In his current exhibition at Carpenters Workshop Gallery, “Baroquisme,” De Cotiis revisits the 16th century. Rather than recreating the style as it existed thousands of years ago, De Cotiis imagines the Italian Baroque in present day. Originally characterized as breaking free from the classicism and mannerism of the 1600s, this period created an idea of freedom and movement, which De Cotiis continues to explore and in his own way deconstruct.

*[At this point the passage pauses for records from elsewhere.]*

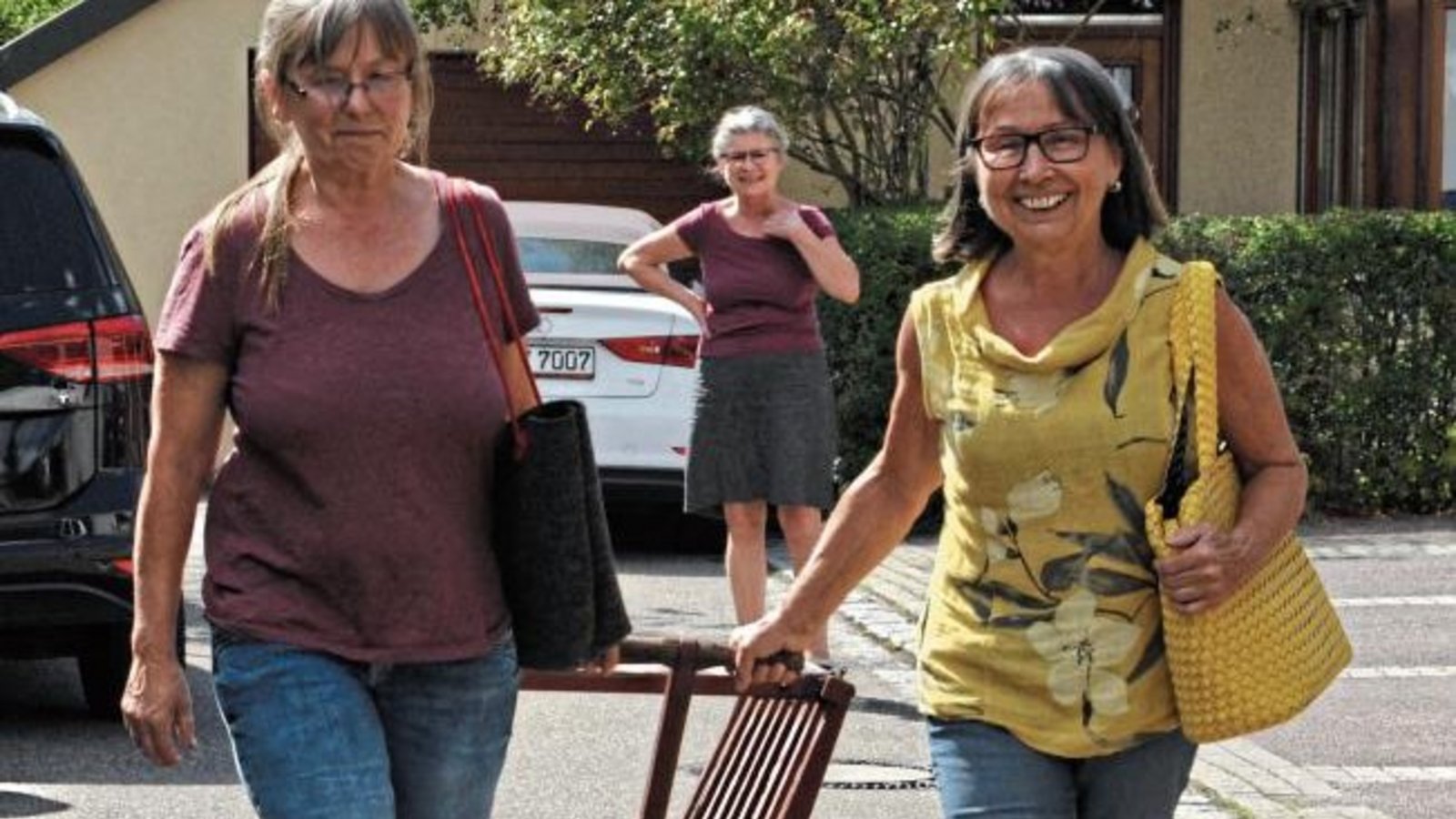Nach Nach dem Maientag ist vor dem Maientag. Die Landfrauen Vaihingen, vertreten durch die Vorsitzende Anne Fladerer und Helga Haag, haben einen über 80 Jahre alten Leiterwagen von Margarete Ruhl als Spende bekommen, der für zukünftige Auftritte der Landf Nach Nach dem Maientag ist vor dem Maientag. Die Landfrauen Vaihingen, vertreten durch die Vorsitzende Anne Fladerer und Helga Haag, haben einen über 80 Jahre alten Leiterwagen von Margarete Ruhl als Spende bekommen, der für zukünftige Auftritte der Landf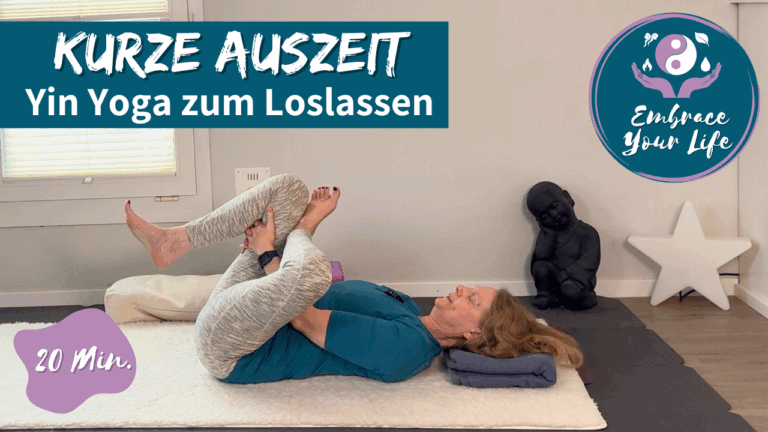 Weisse Frau, auf dem Rücken liegt in einer Yin Yoga Pose
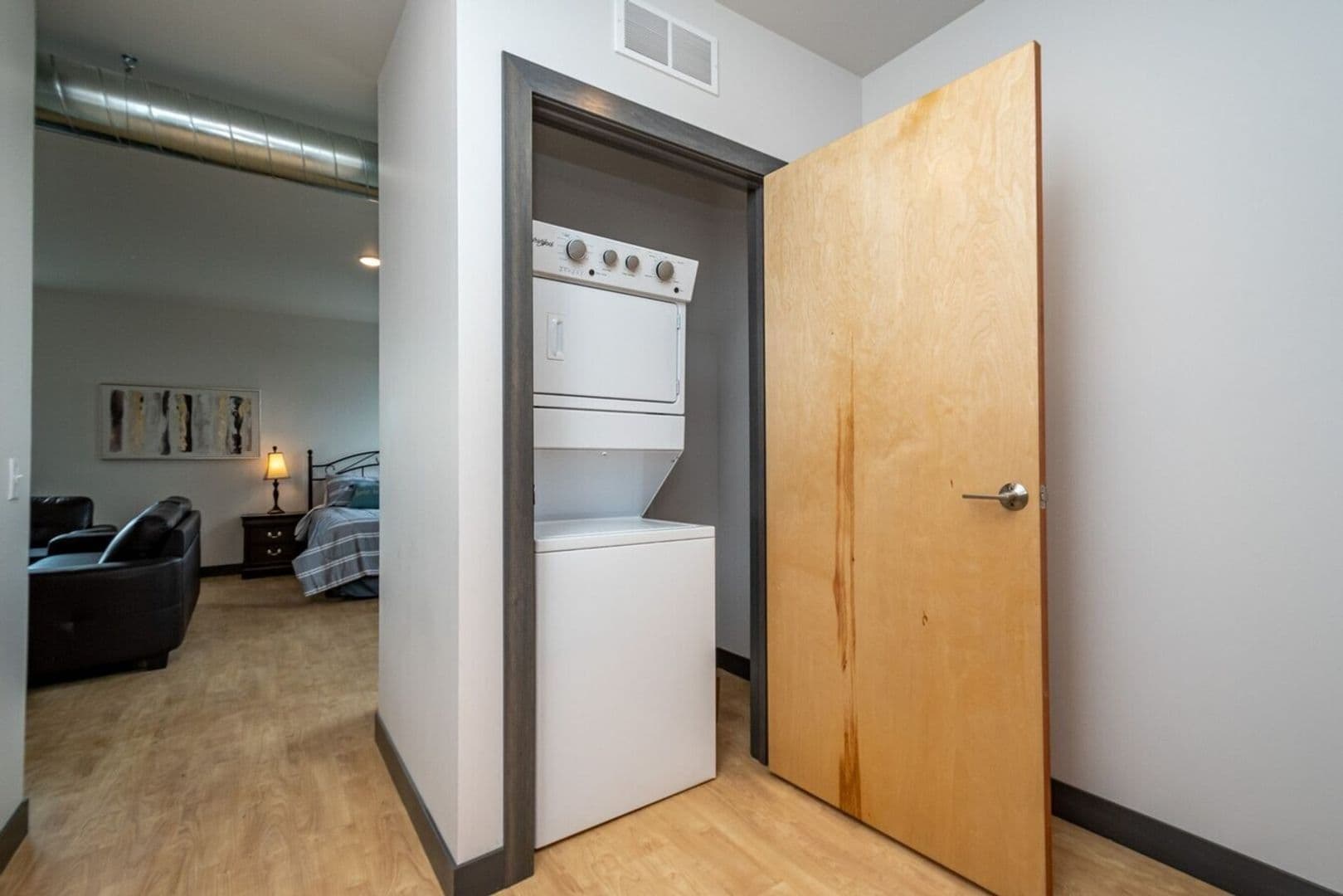 Cedar Rapids Apartment: 245 2nd Street SW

The designer examines baroque’s emphasis on materiality. He revisits the idea of “perfect imperfections.” He captures this idea in “Baroquisme” by juxtaposing different materials that seemingly do not go together. He combines precious materials with things that are practical, inexpensive and rough. For example, French marble and Murano glass pair with fiberglass and other reclaimed materials. His works take on lifeforms of their own; their structures and textures reminiscent of the earth.
There is a sensuality to the way De Cotiis finishes his materials. He purposefully embraces marks of age that are naturally generated in order to harness the imperfect qualities of the organic. Though each of the works in “Baroquisme“ exist as strong physical forms, there is a sense of mystery that pervades the collection. De Cotiis creates movement in the objects, both in their forms and aesthetic. He plays with light and reflection creating an unexpected fluidity.
De Cotiis’s collection is an exploration of his own Italian heritage. He goes beyond conveying just the physical forms of culture instead chasing what Italians themselves are made out of. Speaking of his body of work as a whole, De Cotiis explains that the colors and forms can change but the core philosophy stays the same.